Europawahl-Nachlese in Grevenbroich Die Partei des Kohleausstiegs ist der Wahlgewinner

Grevenbroich/Jüchen · Mit ihrer Anti-Kohle-Haltung konnten die Grünen bislang keinen Staat in der Energie-Stadt machen. Nach der Europawahl ist das anders. Die Tür für ein neues Denken ist geöffnet worden, sagt Sprecher Peter Gehrmann.

 Auch an einer der prominentesten Adressen Grevenbroichs, in der Villa Erckens, wurden am Sonntag die Stimmen ausgezählt.

Auch an einer der prominentesten Adressen Grevenbroichs, in der Villa Erckens, wurden am Sonntag die Stimmen ausgezählt.

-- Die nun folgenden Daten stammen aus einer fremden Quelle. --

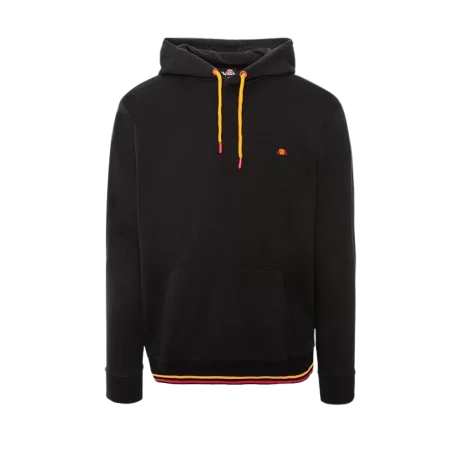 ELLESSE KODA OH HOODY Pulls Mode Lifestyle / Sweats Mode Lifestyle 1-105403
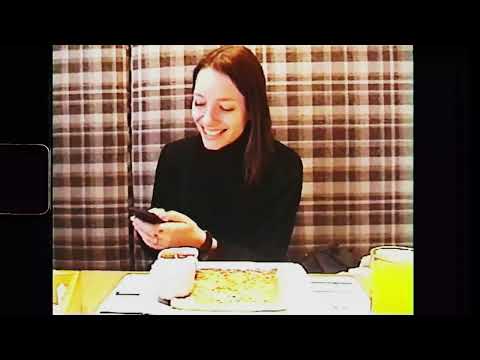 Sky - Track 7 (Official Music Video)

Foto: Georg Salzburg(salz)

Nach der Europawahl gehen die Parteien jetzt an die Analyse. Trotz Verlusten zeigt sich der Grevenbroicher CDU-Chef Wolfgang Kaiser zufrieden mit dem Ergebnis auf Kreis- und Stadtebene. Das starke Ergebnis der Grünen gibt ihm aber zu denken. „Ich glaube, dass das Thema Klimawandel und Braunkohle vor allem bei den jungen Wählern eine große Rolle gespielt hat“, sagt Kaiser. „Für uns gilt es nun, hart daran zu arbeiten, junge Menschen davon zu überzeugen, dass wir in der Lage sind, den Klimawandel mit gesundem Menschenverstand zu meistern.“

Mit 31,8 Prozent erreicht die CDU in Grevenbroich etwas weniger als im Kreisschnitt. Ein Erfolg: Die Union konnte sich in 24 der 25 Kommunalwahlbezirken als stärkste Kraft durchsetzen. Lediglich in Neurath müssen sich die Christdemokraten (26,1 Prozent) knapp der SPD (26,3 Prozent) geschlagen geben, die dort ihr bestes Ergebnis einfuhr. Hochburgen der CDU sind die Kommunalwahlbezirke Stadtmitte-Zentrum (41,8) und Neukirchen (41,6 Prozent) – dort wohnen sowohl CDU-Parteichef Wolfgang Kaiser als auch Bürgermeister Klaus Krützen (SPD).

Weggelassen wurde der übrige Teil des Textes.